しかしこれが長野側から行くとなると、12.3kmの距離を電気バス→ケーブルカー→ロープウェイ→トロリーバスを乗り継ぎ、乗車時間およそ38分+徒歩15分、片道6140円(往復12280円)となる。
※富山側、長野側とも、乗車待ち時間を含んでいないため、+α(30分~1時間程度)掛かる時も。
詳細は公式サイト↓↓より
www.alpen-route.com
立山駅から美女平へ
乗客の姿を見ると分かるように、トレッキングを楽しまれる方も拝見される。自分たちは、登山というよりは登った先にある温泉を満喫したい派なので、寒さに備えた服装と雪道でも歩けそうな靴で臨むところ。写真では伝わりづらいが、奥行きがある撮り方をしたわけではなく、傾斜(登り角度)があるためにホーム全体が写っている。気分も上がりそう♪
立山ケーブルカー
平均勾配24度というと、スキー場で例えると中級者コース。ショッピングモールのエスカレーターはおおよそ30度なので、そこまではいかない程度。歩いて登るには諦めたくなる程の急勾配だということが分かる。
標高475mの立山駅から標高977mの美女平まで、1.3kmの距離を7分かけてゆっくり登っていく。アナウンスやら風景やら、ワクワクしすぎて夢中になっていると、あっという間に到着してしまうほどの短い時間だった。
美女平から室堂へ
あっという間のケーブルカーだったが、ココからは高原バスに乗り換えて室堂まで向かう。時計を見てもわかるように、ケーブルカーに乗ってからまだ10分も経っていない。バスの待ち時間の方が長くなりそうだ。
立山高原バス
都会でよく見かける、各都市へ向かう高速バスと同じもの。片側2列、この日の乗客は少ないためゆっくり座れそう。
ここでおすすめポイント!
嫁のさつき調べによると、左側の座席に座ると名所やスポットが良く見えるとのこと。是非とも左側を確保して座りたい♪
車内にて
車内に乗り込むと…
皆さん、綺麗に左側へ着席されている。笑
運転手さん以外、左側へ座っているために若干傾いているように感じるのは気のせいだろうか…。
見どころ(仙洞杉・滝見台・餓鬼田)
樹高21m、幹周り940cmという立派な立山杉。
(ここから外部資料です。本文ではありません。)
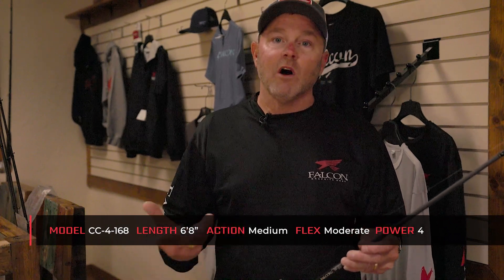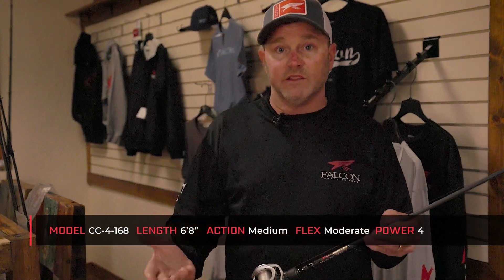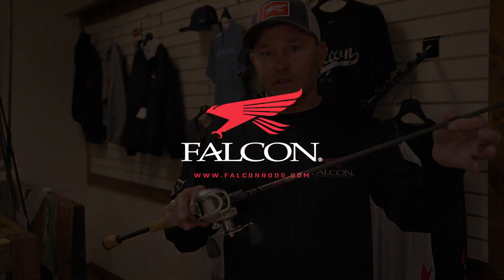As fishing has changed, we really felt like we needed a longer rod, so the 4168 medium action rod is just that perfect rod for throwing a jerkbait day in day out. The other beauty of this Kara 4168 is the fact that you can throw other baits on it — I throw smaller finesse spinnerbaits, smaller crankbaits, smaller topwater baits, little walking baits, and popping style baits on it. So be sure and check out the Kara 4168.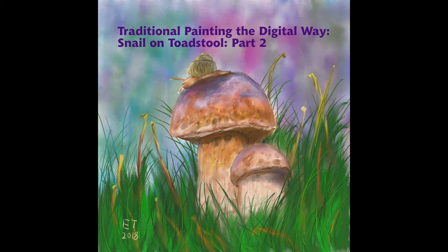This is the end of part two of my snail on toadstool series. In part three we're going to finish up all the final details and add in all the little things in the grass, just kind of tying together the overall painting. If you want to see the finale, hit the subscribe button. Thanks everybody for watching — thank you so much for your support. If you have any questions, just leave them in the comments down below, and I'll catch you later.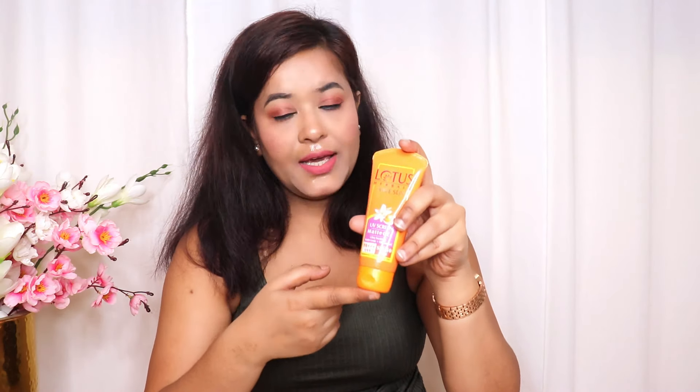This sunscreen is enriched with horse chestnut, which has antioxidant properties and protects skin from the harmful effects of sun damage. It also has vanilla extracts, which give your skin a smooth and soft finish, and comfrey extracts, which help to moisturize and soothe irritated skin.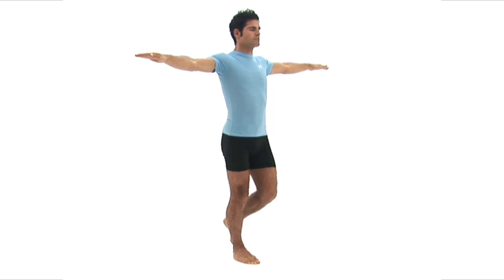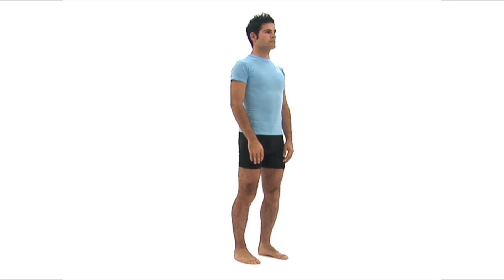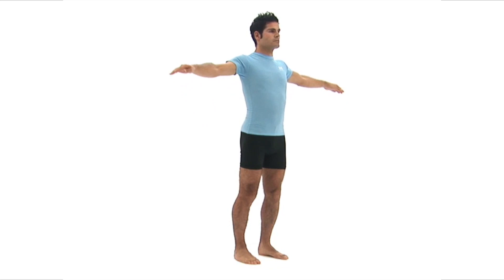This exercise is designed to strengthen the muscles of your ankle. Begin by standing upright in your neutral position. Raise your arms directly to the sides, level with your shoulders.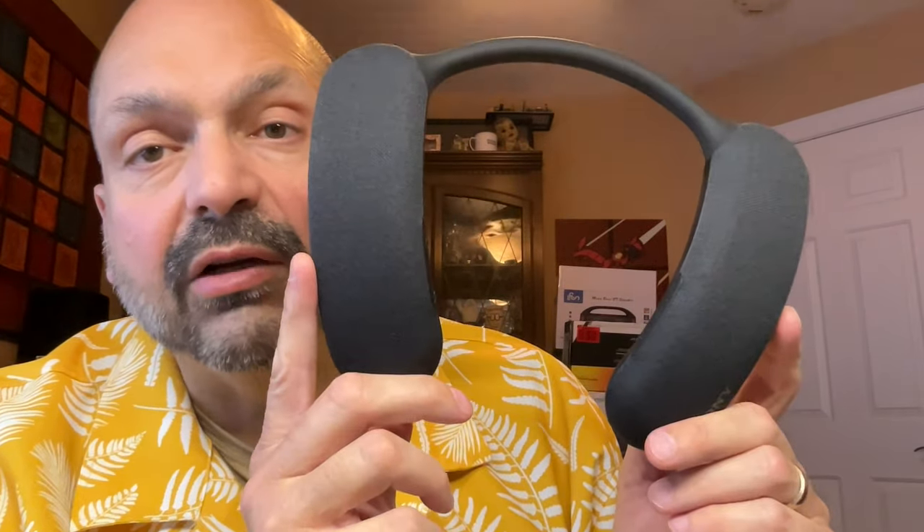The back of the device consists of two padded shoulder rests connected by a rubber neck piece, and the front are two cloth-covered speakers. The Theater U fits easily and comfortably around your shoulders. It weighs about one and a half pounds — just enough weight to feel a bit like a weighted blanket in all the best ways.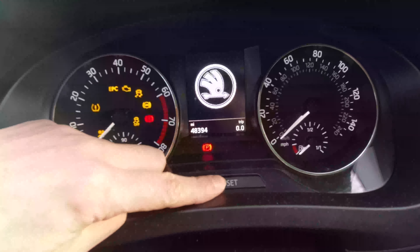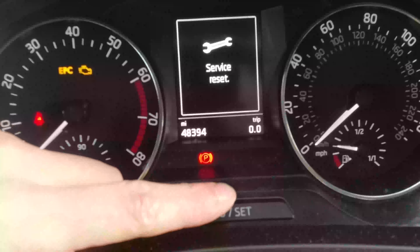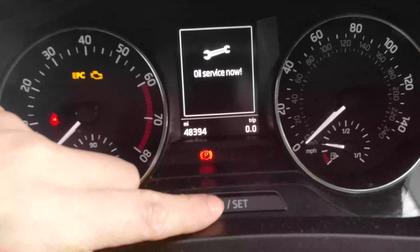With everything turned off, hold down the Trip Reset button, key in and turn on the ignition. You'll see each reminder and be asked if you want to reset, so press again to confirm.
『仙洞杉』と呼ばれているよう。車内左側から見ることが出来る。カメラに写り切らないくらいの大きさ。
バスが徐行してくれるため、左右どちらの席に座っていてもゆっくり見ることが出来るスポット。天気が良ければ、ココから『称名滝』という日本一の落差350mを誇る滝を眺めることが出来るよう。バスの中からは見ることが出来なかったのは残念。
弥陀ヶ原(標高1930m)を越えた辺りから、左側に緑鮮やかな高原が見え始める。その中に、沼のような湿地帯が数多くあり、それは『餓鬼田(ガキ田)』と呼ばれている。地獄に落ちた餓鬼が飢えを凌ぐために田植えをしたと言われている。
標高2000mを越えた辺りから、徐々に雪の面積が増えていき、肌に感じる空気が変わってくるのが体感できる。
車窓からの雪が増すほど、車内のザワザワ感も増して来るのが写真からも分かる。
室堂
日本最高地点(2450m)の駅『室堂』へ到着。
思っていたよりも寒くなく、
むしろ陽射しが暖かく感じる。
平地は6月、新緑の葉香る初夏を迎える頃。
この高地ではまだ遠い春を待っているかのような、青空と冬の終わりを密かに楽しんでいるかのようにも思える。
駅構内の様子
20m降り積もった時のものだろうか。自分たちが通ってきた道の両側に、バスの何倍もある雪の壁がそびえ立っている。
雪の大谷…
とうとうこの地に足を運ぶことが出来たことを嬉しく思う。
駅構内は、売店やレストランを備え付けていて、とても広くて大きいことに驚かされる。
雪の大谷
先ほどバスで通ってきた道だが、こうやって歩いてみるとより雪のヒンヤリ感や、山々の壮大さが目を通り越し、感覚へと直接伝わってくるのが分かる。言い換えると、実感よりも先にワクワクが先走っている感覚に陥る。
実際に歩いてみる
バスから眺めるそれよりも、明らかに大きく、かつての半分の高さ(10m)であっても、十分に迫力を感じる程。
こんな青空で、陽射しが暖かく、路面の雪が微塵もないにも関わらず、この雪の壁はどうやって維持しているのだろうと。実は造り物ではないかと手を触れてみる。手の温度で溶け始めるほどの純粋な雪の塊。共存することの意味とは、一体何なのだろうと。答えのない問いが頭を巡る。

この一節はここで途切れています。